Mental Health and Sports

According to a 2015 study published by NPR, only 25% of adults over 30 play sports although 73% of them played when they were younger.  The top sports played by adults are “golf, basketball, baseball/softball, soccer, and running or track.”  I am a runner although, I must admit, when I get busy I slack off.  Men are more than twice as likely to play sports than women although that gender gap does not exist among the youth.  By the time adults reach 50, only 20% play sports.  Lower income are half as likely to play as upper income.

Half of the adults that play sports say they do it for their health.  I know that is my reason.  A 2013 study published in the International Journal of Behavioral Nutrition and Physical Activity discovered the greatest benefits to physical activity kick in when moderate activity is done for 150 minutes a week or intense activity is done for 75 minutes a week.  That comes out to 30 minutes, five days a week for those in the moderate activity category like me. 

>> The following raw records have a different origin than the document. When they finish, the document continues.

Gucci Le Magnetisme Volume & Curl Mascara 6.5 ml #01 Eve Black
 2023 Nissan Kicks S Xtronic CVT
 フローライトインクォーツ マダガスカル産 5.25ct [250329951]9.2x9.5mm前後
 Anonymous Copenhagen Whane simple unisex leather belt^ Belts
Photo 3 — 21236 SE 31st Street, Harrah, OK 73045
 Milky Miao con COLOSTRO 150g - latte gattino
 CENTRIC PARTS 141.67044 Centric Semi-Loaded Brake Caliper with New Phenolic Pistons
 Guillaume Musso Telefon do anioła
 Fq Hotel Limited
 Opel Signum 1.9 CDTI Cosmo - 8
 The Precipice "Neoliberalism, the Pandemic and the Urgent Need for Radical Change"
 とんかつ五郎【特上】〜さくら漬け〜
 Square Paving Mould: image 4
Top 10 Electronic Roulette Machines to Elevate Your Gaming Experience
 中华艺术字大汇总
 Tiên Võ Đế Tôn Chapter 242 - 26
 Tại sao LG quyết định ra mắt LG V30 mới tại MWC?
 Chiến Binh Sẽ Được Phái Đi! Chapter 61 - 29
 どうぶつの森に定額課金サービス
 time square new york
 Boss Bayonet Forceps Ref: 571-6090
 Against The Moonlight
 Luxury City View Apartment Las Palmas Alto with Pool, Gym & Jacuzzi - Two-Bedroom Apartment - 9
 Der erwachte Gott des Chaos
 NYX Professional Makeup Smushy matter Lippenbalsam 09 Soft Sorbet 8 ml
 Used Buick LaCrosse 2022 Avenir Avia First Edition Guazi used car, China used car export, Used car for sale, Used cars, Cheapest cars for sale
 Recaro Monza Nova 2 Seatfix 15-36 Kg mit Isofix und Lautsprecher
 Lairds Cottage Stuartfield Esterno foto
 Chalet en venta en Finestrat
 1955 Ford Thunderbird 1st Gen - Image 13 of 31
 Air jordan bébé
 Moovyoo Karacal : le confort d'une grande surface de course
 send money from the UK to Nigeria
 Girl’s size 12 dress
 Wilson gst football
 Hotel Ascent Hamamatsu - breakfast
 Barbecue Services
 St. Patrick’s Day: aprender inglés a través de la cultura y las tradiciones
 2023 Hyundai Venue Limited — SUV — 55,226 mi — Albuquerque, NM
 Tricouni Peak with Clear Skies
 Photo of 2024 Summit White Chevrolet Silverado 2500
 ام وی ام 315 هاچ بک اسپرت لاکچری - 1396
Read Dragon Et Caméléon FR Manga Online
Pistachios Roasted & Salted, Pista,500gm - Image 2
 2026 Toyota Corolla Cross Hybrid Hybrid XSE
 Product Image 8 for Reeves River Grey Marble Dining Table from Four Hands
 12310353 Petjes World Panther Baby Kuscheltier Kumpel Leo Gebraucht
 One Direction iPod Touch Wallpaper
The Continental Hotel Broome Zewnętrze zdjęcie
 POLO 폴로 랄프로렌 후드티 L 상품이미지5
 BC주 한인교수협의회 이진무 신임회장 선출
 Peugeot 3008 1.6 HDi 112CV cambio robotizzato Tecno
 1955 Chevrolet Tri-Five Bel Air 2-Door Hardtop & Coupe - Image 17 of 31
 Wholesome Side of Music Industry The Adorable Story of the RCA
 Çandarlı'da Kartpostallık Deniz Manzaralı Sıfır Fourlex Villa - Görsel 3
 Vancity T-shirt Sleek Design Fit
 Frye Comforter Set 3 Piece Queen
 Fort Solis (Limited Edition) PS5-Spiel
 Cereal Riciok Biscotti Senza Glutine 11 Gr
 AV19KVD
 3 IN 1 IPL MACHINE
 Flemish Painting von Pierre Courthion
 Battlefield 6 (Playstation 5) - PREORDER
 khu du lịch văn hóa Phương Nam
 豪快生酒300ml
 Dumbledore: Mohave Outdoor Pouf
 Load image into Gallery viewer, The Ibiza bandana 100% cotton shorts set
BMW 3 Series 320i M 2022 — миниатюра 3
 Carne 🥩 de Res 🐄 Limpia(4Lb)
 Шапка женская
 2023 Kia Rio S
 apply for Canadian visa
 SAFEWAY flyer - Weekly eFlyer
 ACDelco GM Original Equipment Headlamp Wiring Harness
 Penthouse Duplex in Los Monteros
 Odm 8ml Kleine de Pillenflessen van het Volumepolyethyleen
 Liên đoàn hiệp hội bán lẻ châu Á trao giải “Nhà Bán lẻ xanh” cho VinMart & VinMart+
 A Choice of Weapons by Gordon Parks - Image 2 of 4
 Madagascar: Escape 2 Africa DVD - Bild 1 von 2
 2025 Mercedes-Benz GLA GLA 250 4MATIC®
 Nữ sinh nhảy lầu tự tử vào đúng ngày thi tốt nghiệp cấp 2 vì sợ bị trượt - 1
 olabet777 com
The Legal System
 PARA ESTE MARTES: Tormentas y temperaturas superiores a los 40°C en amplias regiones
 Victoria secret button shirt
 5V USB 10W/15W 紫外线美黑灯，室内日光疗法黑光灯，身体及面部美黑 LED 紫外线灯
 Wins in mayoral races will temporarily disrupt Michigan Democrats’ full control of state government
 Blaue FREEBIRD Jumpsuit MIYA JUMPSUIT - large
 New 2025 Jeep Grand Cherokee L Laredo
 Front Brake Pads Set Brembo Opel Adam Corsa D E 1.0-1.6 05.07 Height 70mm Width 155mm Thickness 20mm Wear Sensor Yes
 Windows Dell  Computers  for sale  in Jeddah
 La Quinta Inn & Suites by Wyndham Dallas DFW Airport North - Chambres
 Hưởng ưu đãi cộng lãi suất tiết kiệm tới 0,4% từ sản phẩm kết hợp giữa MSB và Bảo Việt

“This study concluded that there were many different psychological and social health benefits reported, with the most common being improved self-esteem and improved social interaction/integration, followed by fewer depressive symptoms.”  They found “sport represents a chosen leisure-time activity and aims for recreation, enjoyment and social interaction which promotes well-being. Furthermore, these improved levels of well-being are not associated with physical activity that implies compulsion which to an extent, housework and active transport do…  They found significant benefits of participation on reduced psychological distress for all types of activity with participants only needing a minimum of 20 per week to have significant differences in mental health measures”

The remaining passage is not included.